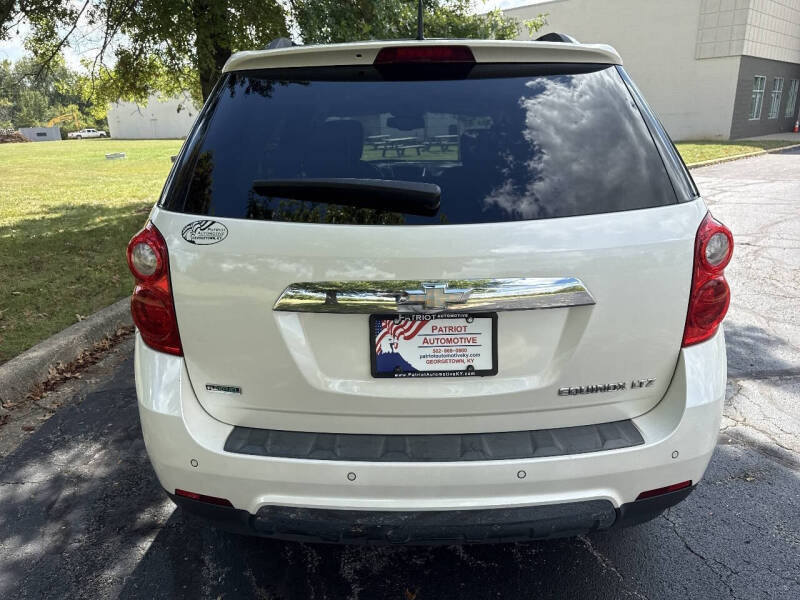 2012 Chevrolet Equinox LTZ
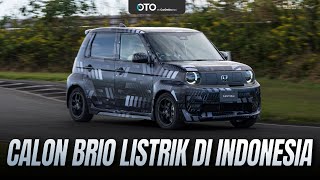 GEBER LANGSUNG EV HONDA SUPER ONE DI JEPANG: SERASA BAWA MOBIL BENSIN SUNGGUHAN!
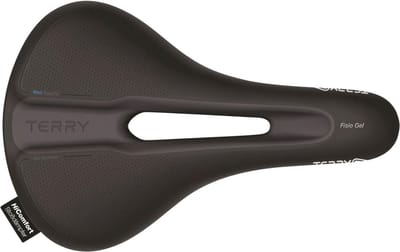 Terry zadel Fisio Flex gel heren zwart - ZDT267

────────

» **YOUR INSTRUCTIONS**
A word-for-word reprint of the listing above is needed, minus the pictures.

» **RESPONSE TO THE EXERCISE**
 2012 Chevrolet Equinox LTZ
 GEBER LANGSUNG EV HONDA SUPER ONE DI JEPANG: SERASA BAWA MOBIL BENSIN SUNGGUHAN!
 Terry zadel Fisio Flex gel heren zwart - ZDT267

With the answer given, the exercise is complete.